For years, advances in artificial intelligence were fueled by the explosive growth of computing power. Faster GPUs, cheaper cloud services, and new chip architectures created an environment where training ever-larger models became not only possible but routine. Today, the cost of computation continues to fall. Investments in hyperscale data centers, energy-efficient hardware, and specialized accelerators are driving the marginal cost of compute closer to the cost of electricity itself.
But this story has a twist. As compute becomes abundant, data — not processing power — has emerged as the scarce and decisive resource.
The End of Free Data
The first generation of AI breakthroughs relied heavily on public datasets: open text corpora, large-scale image libraries, and social media streams. These resources fueled the rise of natural language processing and computer vision.
Yet in 2025, those reserves are largely exhausted. High-quality open datasets no longer provide the edge. Instead, the competitive race has shifted to exclusive, domain-specific, and lawful data sources. And in no field is this more pronounced than healthcare.
Why Medical Data Is Different
Medical data is uniquely valuable: rich in information, diverse in modalities (text, imaging, signals), and directly tied to high-stakes decisions. But it is also uniquely protected.
- Special category: By law, health data is classified as highly sensitive.
- Consent and contracts: Usage requires lawful basis, patient consent, and detailed agreements.
- Secure environments: Data cannot simply be copied into the cloud — it must remain inside controlled, auditable infrastructures.
This means the value of medical data lies not just in its content, but in the lawful channels through which it can be accessed and processed.
The New Economics of AI in Medicine
In this new landscape, the equation has changed:
- Compute is cheap. Cloud providers and chipmakers continue to drive down cost per training run.
- Data is priceless. Gaining lawful, scalable access to high-quality medical datasets is the true bottleneck — and the true differentiator.

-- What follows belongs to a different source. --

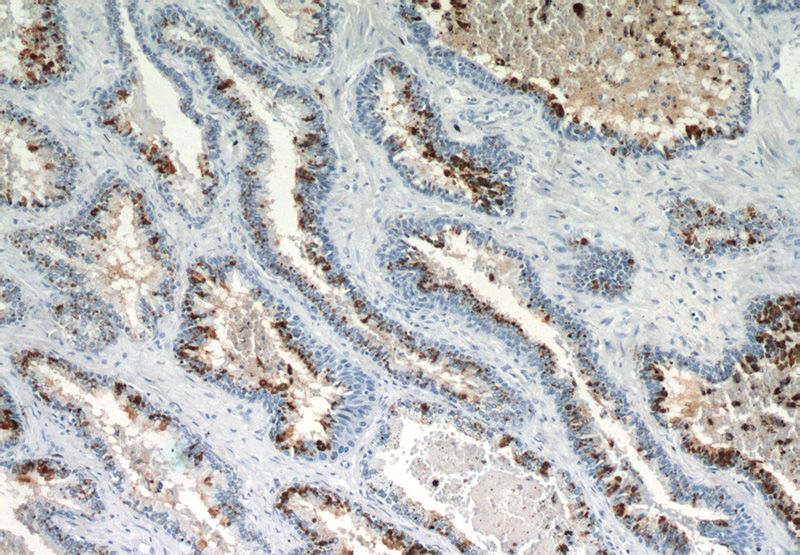 Immunohistochemical of paraffin-embedded human prostate hyperplasia using Catalog No:113928(PLA2G4F antibody) at dilution of 1:200 (under 10x lens)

The result? A reversal of priorities. Success in medical AI no longer depends on who can build the largest model, but on who can secure access to the right data under the right legal and technical frameworks.
Europe’s Bet: EHDS
The European Health Data Space (EHDS), adopted in 2025, is a landmark attempt to solve this bottleneck. By 2027–2029, all EU member states must establish Health Data Access Bodies and connect their Secure Processing Environments (SPEs).

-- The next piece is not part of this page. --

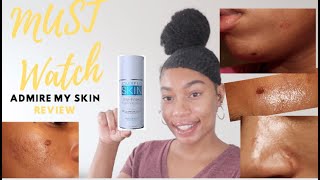 MUST WATCH  II Admire My Skin Review II HOW I DAMAGED MY SKIN LEARN FROM MY MISTAKES  SKINCARE [upl. by Alegnad]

This creates, for the first time, a lawful and scalable channel for secondary use of health data across borders. Whoever positions themselves early inside these environments will effectively control the tollgate for medical AI innovation in Europe.
Implications for Innovators
For AI developers, hospitals, and investors, the message is clear:
- Algorithms are no longer the scarce asset. Access to data streams is.
- Compliance is not optional. Only lawful access routes — with consent, contracts, and SPEs — will unlock value.
- Strategic timing matters. Aligning with early EHDS implementations in countries like Malta, France, and Finland can set the stage for exponential scaling when cross-border federation begins.
Conclusion
The economics of AI in medicine are being rewritten. Compute is abundant; data is scarce. Public datasets are spent; lawful medical data is the new currency.
In this new era, the winners will not be those who simply build bigger models, but those who build trusted bridges between data holders and AI developers. Platforms that embrace compliance, operate inside secure environments, and unlock shared value will define the next decade of medical innovation.
The future of medical AI will be shaped not by compute, but by access. And access — done lawfully and at scale — is priceless.